As best shown in FIGS. 2 and 3, nozzle assembly 10 comprises a housing 14 which has an axial bore 16 extending therethorugh. The housing is secured to a boss 18 which may be formed integral with manifold 12 or may be a separate member suitably secured to the manifold by welding, as at 24 or by other suitable means. Housing 14 may be secured to boss 18 by welding, as at 22, or secured by the alternative means shown in FIGS. 5, 6, and 7 and described hereinafter. Boss 18 has an opening 24 which extends therethrough and is in register with a hole 26 in the wall of manifold 12. Opening 24 is also in register with bore 16 of housing 14. The distal end portion of housing 14 is externally threaded at 28 to receive an internally threaded, cup-shaped cap nut 30. Bore 16 of housing 14 is provided with an outwardly opening socket defined by a counterbored portion 32 to form inwardly from the open, distal end portion of the housing an internal, annular shoulder or stop 34. Counterbored portion 32 is adapted to slidably receive therein a strainer subassembly 36 and a nozzle subassembly 38 connected together as a unit as will be hereinafter described.

Nozzle subassembly 38 comprises a nozzle element 39 and a nozzle carrier member 40. Nozzle element 39 is preferably of one-piece construction, as in disclosed in US. Patent No. 3,101,906, and is cylindrical in configuration. An axial fluid-flow path 41 is provided in nozzle element 39, which path is defined at the inlet end 42 by a circular wall and at the discharge or outlet end by an elongated, rectangular wall to define a discharge port 43. The configuration of fluid-flow path 41 progressively and uniformly changes from the circular configuration at the inlet end 42 to the rectangular shape at the discharge port 43. This transition of the configuration of the flow area of fluid-flow path 41 may be accomplished as disclosed in US. Patent No. 3,101,906 or by employing semi-circular side walls for substantially the full length of the flow path rather than flat walls connected by quarter-round fillets.

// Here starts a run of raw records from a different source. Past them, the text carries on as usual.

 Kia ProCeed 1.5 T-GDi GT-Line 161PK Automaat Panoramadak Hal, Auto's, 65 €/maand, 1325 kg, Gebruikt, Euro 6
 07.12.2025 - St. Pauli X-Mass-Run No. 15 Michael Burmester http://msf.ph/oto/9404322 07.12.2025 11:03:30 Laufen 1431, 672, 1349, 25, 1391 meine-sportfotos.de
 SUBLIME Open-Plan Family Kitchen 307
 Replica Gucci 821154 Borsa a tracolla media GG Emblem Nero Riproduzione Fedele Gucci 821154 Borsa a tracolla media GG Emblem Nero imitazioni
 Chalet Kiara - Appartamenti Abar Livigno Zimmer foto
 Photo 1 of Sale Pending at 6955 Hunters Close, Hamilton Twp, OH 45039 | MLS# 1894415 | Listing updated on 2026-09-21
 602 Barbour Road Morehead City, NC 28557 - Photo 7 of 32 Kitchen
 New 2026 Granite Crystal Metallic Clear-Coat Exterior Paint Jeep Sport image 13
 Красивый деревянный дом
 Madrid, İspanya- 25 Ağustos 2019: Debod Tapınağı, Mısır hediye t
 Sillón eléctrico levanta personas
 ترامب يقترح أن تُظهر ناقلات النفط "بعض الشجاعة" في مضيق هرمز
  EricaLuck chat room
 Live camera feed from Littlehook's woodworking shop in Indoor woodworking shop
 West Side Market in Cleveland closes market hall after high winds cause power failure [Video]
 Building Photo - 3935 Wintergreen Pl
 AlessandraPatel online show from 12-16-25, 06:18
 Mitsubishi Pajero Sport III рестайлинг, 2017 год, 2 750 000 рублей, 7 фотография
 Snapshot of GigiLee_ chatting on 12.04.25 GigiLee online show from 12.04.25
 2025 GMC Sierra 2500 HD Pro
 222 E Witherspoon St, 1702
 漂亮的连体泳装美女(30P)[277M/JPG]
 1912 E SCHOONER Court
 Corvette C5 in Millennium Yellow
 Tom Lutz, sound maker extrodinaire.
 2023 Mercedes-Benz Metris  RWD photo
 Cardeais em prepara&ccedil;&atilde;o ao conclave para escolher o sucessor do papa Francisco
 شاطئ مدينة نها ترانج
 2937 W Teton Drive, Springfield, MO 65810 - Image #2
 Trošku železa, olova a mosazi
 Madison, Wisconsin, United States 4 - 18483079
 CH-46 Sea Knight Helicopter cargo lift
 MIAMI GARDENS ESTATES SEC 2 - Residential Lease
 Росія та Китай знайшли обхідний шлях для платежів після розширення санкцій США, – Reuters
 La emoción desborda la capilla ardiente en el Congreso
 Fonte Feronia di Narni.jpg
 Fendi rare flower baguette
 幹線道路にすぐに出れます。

Nozzle element 39 is inserted and suitably secured in an axial bore 44 in nozzle carrier member 40. As illustrated, nozzle element 39 may be bonded by an epoxy cement 45 or secured in any other suitable fluid-tight manner in bore 44. Bore 44 is of reduced diameter slightly inwardly of one end thereof to provide an annular shoulder 46 which serves as a seat for nozzle element 39. Upstream of nozzle element 39, bore 44 is provided with a thread counterbored portion 47 by which nozzle subassembly 38 is connected to strainer subassembly 36.

Strainer subassembly 36 comprises a body 48 and a strainer 49. Body 48 has a diameter equal to counterbored portion 32 of bore 16 of housing 14 and a reduced diameter portion 50 which is threaded to mate with the thread of counterbored portion 47 of nozzle carrier member 40. Body 48 has an axial bore 51 which is counterbored and threaded at 52 to receive strainer 49.

Strainer 49 is of any conventional construction and may be, as shown, a tubular member closed at one end and having a plurality of circumferentially spaced slots 53 which extend through the wall of the strainer to communicate bore 16 with the interior of strainer 49. Strainer 49 is threaded adjacent its open end so that it can be turned into the mating threads of counterbored portion 52 of axial bore 51.

To seal the interstices between the outer peripheral surfaces of nozzle carrier member 40 and body 48 and the surface of counterbored portion 32, carrier member 40 is provided with an annular groove in which is seated an O-ring seal 54.

To provide for the orientation of elongated discharge port 43 of nozzle element 39 in relation to the work A (for example, as is shown in FIG. 1 for illustrative purposes), diametrically opposed, hollow pins 55 are mounted in nozzle carrier member 40 to project from the periphery thereof. As best shown in FIGS. 2 and 3, each of the pins 55 is adapted to fit into one of a pair of diametrically opposed grooves 56 in the distal end of housing 14. The relationship of discharge port 43 with regard to grooves 56 is predetermined and fixed when factory assembled by proper positioning and securing of nozzle element 39 in nozzle carrier member 40. For example, nozzle element 39 may be bonded in carrier member 40 so that the longer dimension of discharge port 43 extends normal to the longitudinal axes of pins 55. This method of fabrication insures that the pattern of the fluid stream B (see FIG. 1) emitted from discharge port 43 assumes the desired relationship to the work A.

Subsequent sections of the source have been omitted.